Side錬牙
「やはりこっちを対応するのを優先すべきか」
下手に動いて不和が生じるよりも良いと思った俺達はイキリ糞主人公サマが動くまで待つ事にした。
そして…
「「待てい!ってン?!…」」
「は!?…」
イキリカスが召喚した魔法使いの女性とエルフ族の女王が対峙し女王が追い詰められていた所に待ったをかけた。

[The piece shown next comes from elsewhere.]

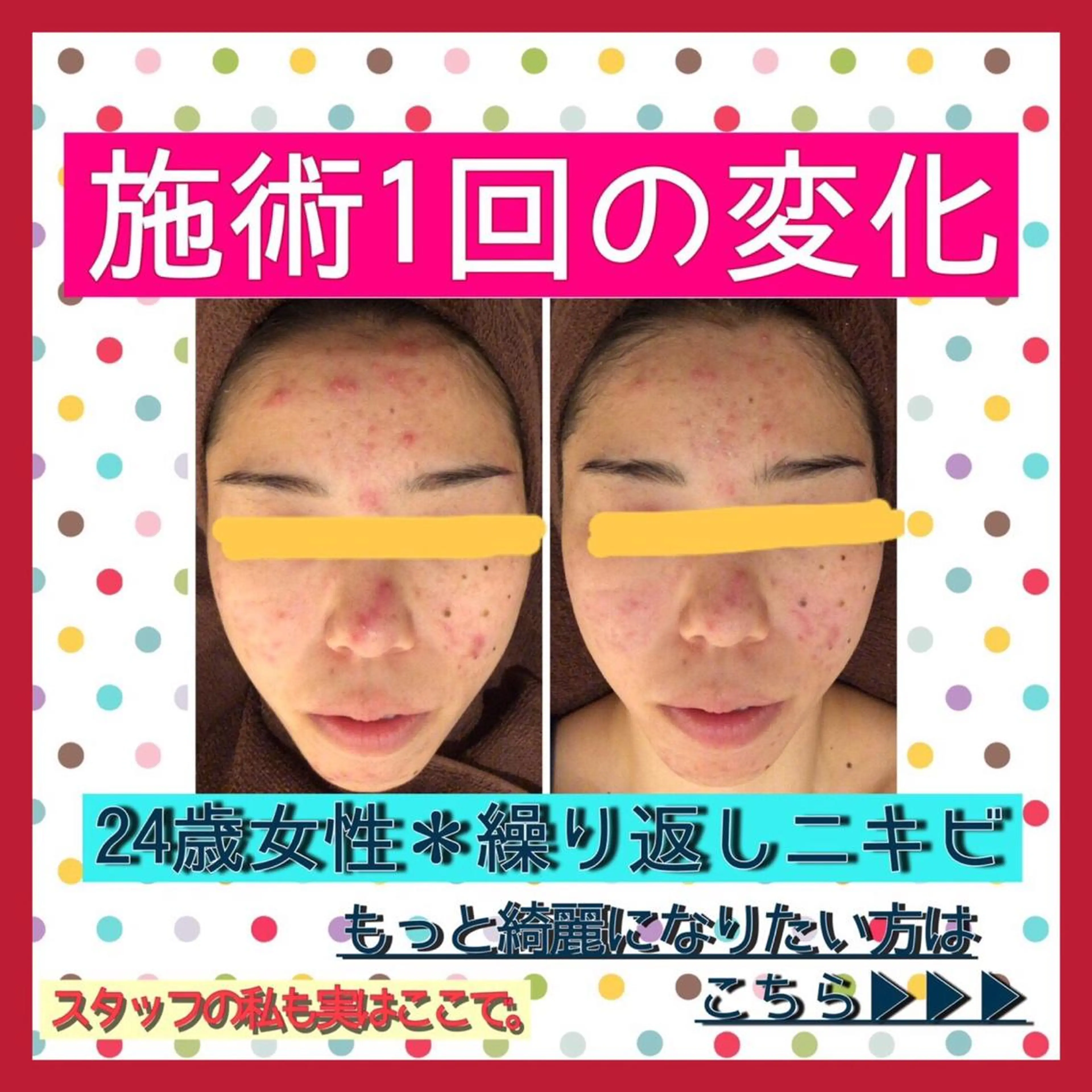 ショート カラー パーマ ヘアアレンジ メンズ キッズ ネイル マツエク・マツパ ニキビ・肌質改善専門 ♡人生が変わるサロンのエステ・リラクイメージ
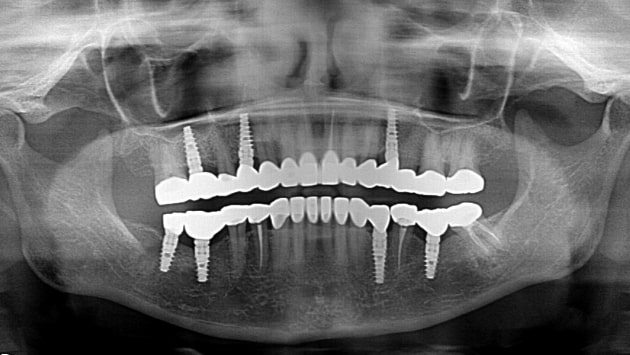 x dentistry implant panoramic x ray 04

そこに同じ言葉を投げかけた予想外の存在の人物が居た事に俺と音衣也はおもわず叫びそうになる。
「ほう?その黄金の剣は…成程…」
「…」
なんとその人物はどこからどう見ても「科学戦隊ダイナマン」に登場していたヴィラン組織「ジャシンカ帝国」の帝王であるメギドだったのだ。

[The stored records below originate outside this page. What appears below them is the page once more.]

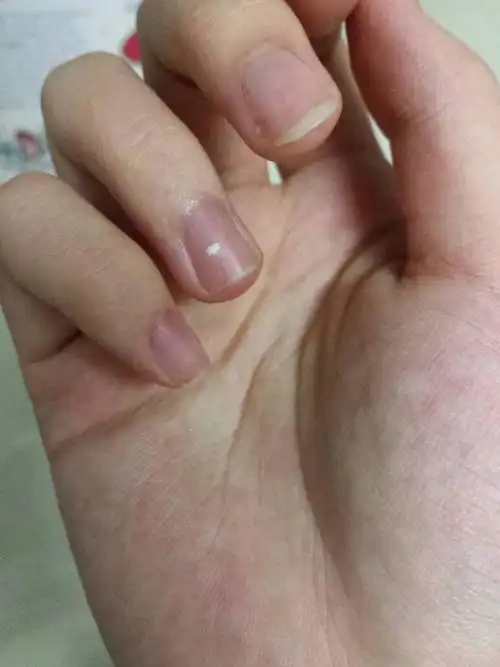 这是什么哇.近几天才刚发现指甲有个小白点,以前木有哇
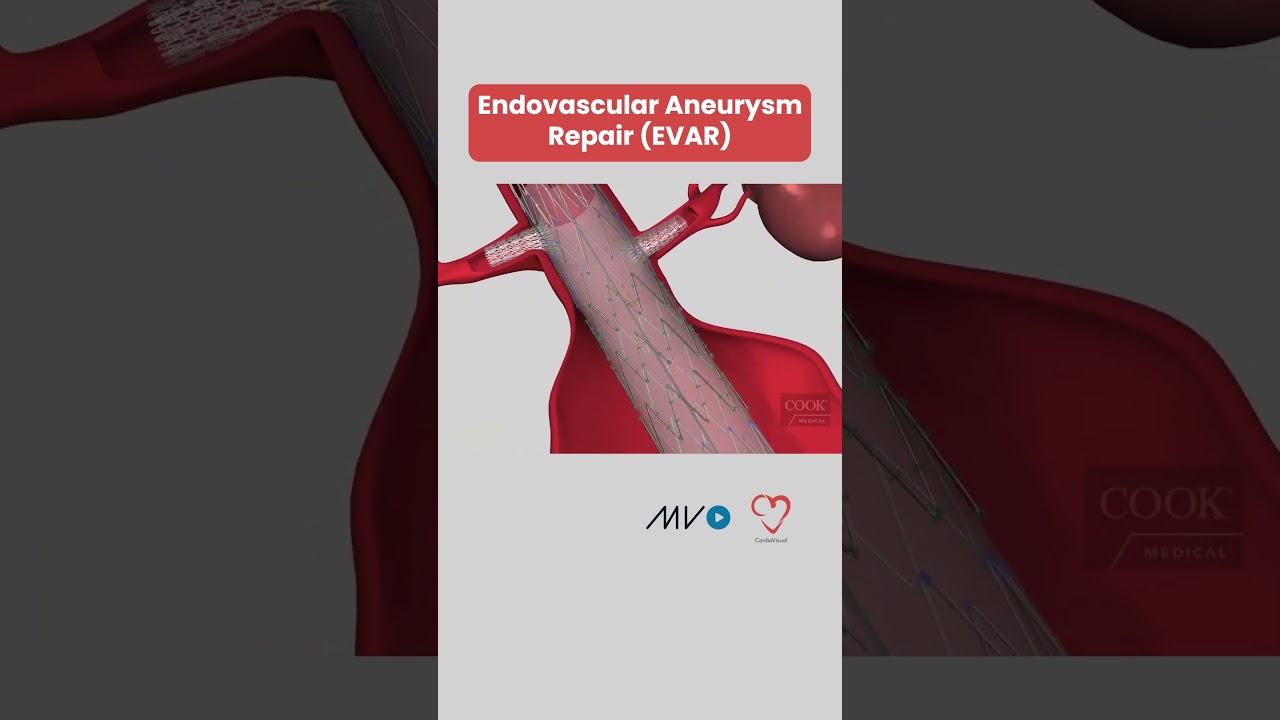 Endovascular Aneurysm Repair 🫀🛠️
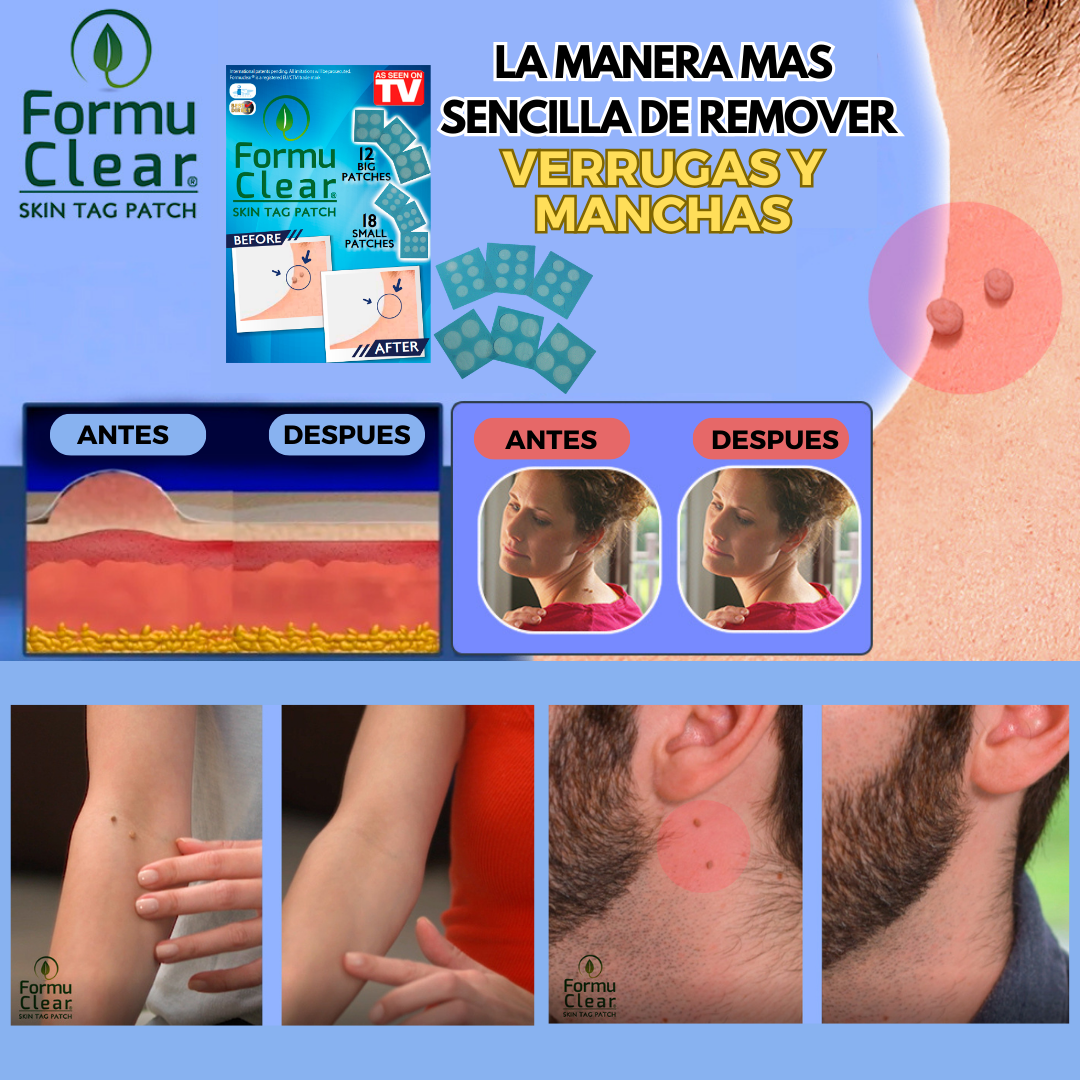 Skin Tag Patch – Elimina Verrugas de Forma Segura, Rápida e Sem Dor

「しかして今はあの様な実に醜さしか感じぬ無益な争いを止める方が先決であろう!」
そう言いながらメギド王はセンタイリングと銀のテガソードを取り出した。
「真に運命とは数奇なものよ…今は力を借してもらおう…エンゲージ!」
<センタイリング!ダイナマン!>
「ダイナレッドメギド、推して参る!さあ何をぼさっとしている?テガソードに選ばれし戦士よ共に!」
「お、おう…二人共いくぞ!」
「あ、うん」
「いっくよ~!☆」
「「エンゲージ!」」
<ゴジュウウルフ レオン イーグル>
真逆のユニバースダイナレッドに変身したメギド王に気圧されて俺達も変身する。
「くっ!?…いきなり何なのよ!?」
「実に愚かなり!…まだ私は愛する者や守るべき者らを救えておらぬのだ…力のおもむくままに状況を混乱させるだけの存在などこの場に不要なのだ!」
「これでも喰らいなさい!」
「むうん!」
「嘘おっ!?私の魔法をいとも容易く斬り捨てたですって!?」
イキリカスが召喚した魔法使いの女性にユニバースダイナレッドは向かっていき仕掛けた。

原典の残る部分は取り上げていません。